Please repeat the lines below exactly. Begin with the line containing "Vauxhall Insignia 1.6" and go on through the line containing "Maggie online show from 01-19-25, 01:43".

- **DATA FOR PROCESSING**

= Beginning of Section =

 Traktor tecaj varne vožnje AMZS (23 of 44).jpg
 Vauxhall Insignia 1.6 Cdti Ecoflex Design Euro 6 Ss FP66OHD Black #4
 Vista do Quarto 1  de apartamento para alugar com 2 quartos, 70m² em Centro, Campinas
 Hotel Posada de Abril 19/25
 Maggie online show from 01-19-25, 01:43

= End of Section =
= Beginning of Section =

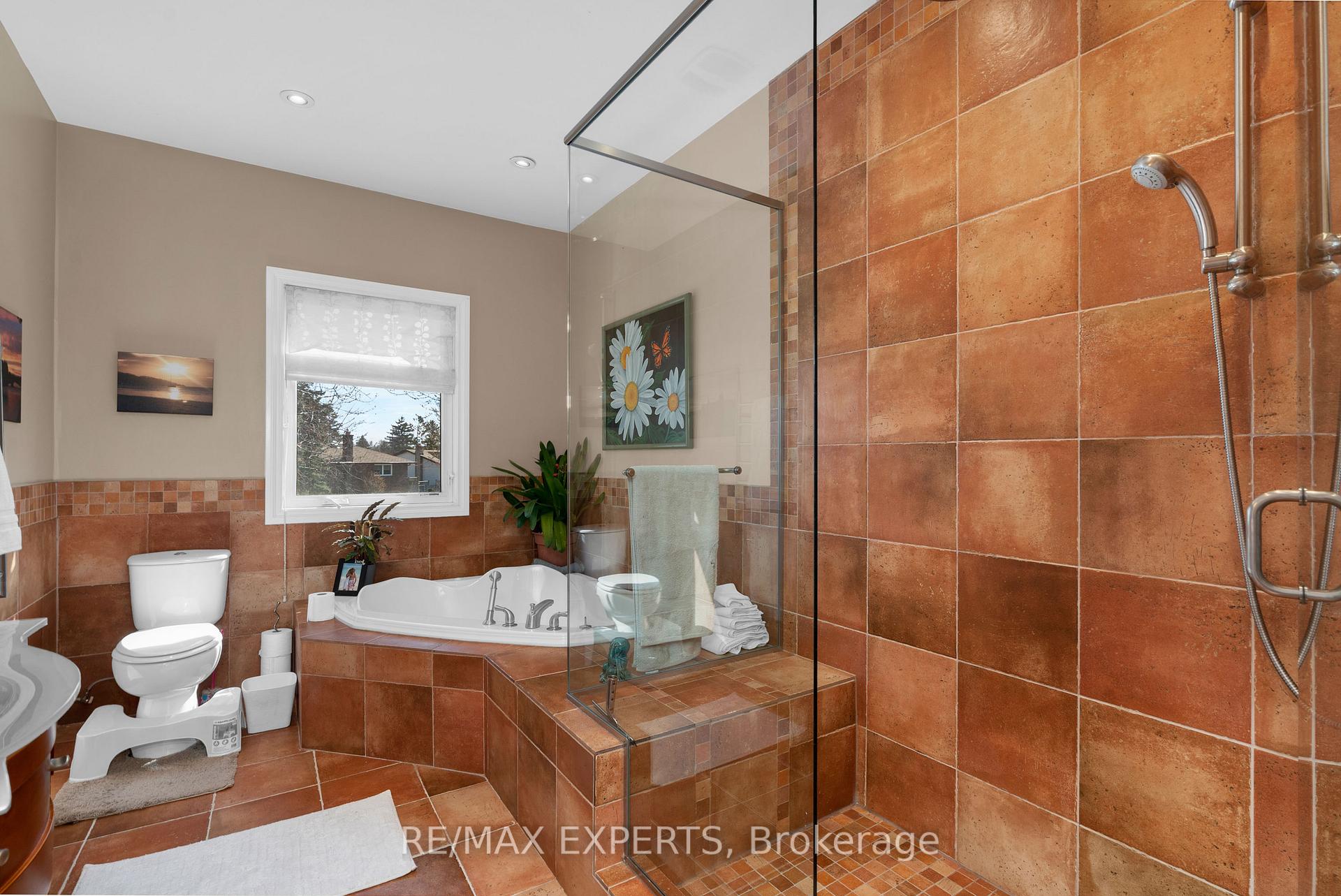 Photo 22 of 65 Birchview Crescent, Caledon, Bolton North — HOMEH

= End of Section =
= Beginning of Section =

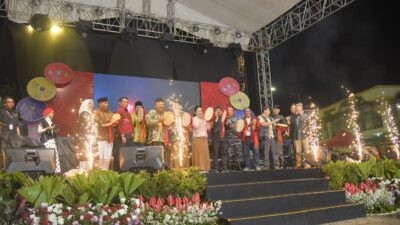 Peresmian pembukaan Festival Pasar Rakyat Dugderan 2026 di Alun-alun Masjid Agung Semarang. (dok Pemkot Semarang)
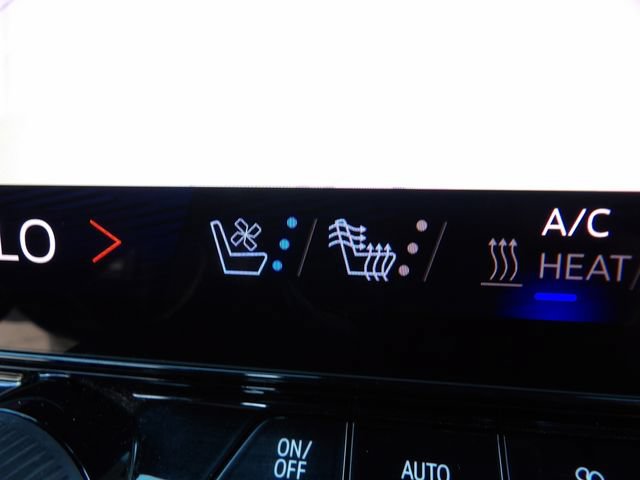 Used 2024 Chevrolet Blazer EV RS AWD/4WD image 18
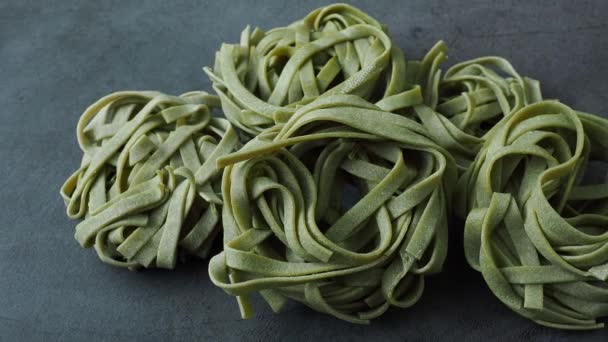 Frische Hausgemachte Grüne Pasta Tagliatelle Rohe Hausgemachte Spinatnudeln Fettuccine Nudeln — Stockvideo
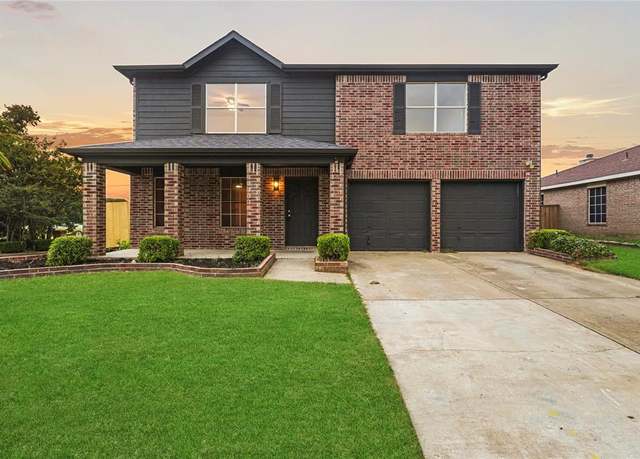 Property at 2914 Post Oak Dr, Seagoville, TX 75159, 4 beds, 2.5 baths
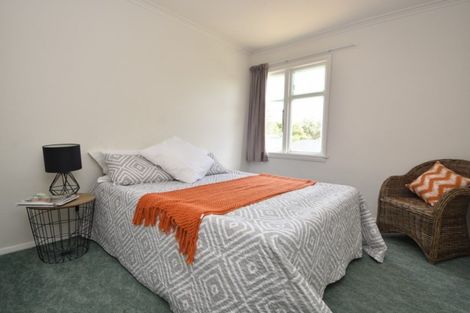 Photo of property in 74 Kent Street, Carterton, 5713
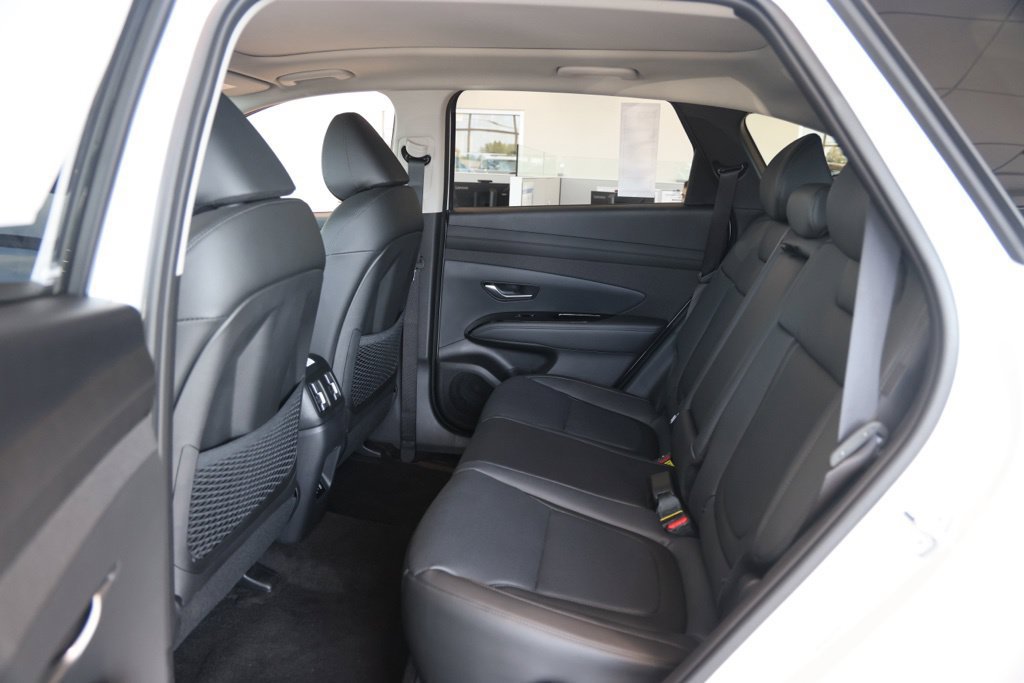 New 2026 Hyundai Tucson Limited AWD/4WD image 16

= End of Section =

- **ANSWER SPACE**
 Vauxhall Insignia 1.6 Cdti Ecoflex Design Euro 6 Ss FP66OHD Black #4
 Vista do Quarto 1  de apartamento para alugar com 2 quartos, 70m² em Centro, Campinas
 Hotel Posada de Abril 19/25
 Maggie online show from 01-19-25, 01:43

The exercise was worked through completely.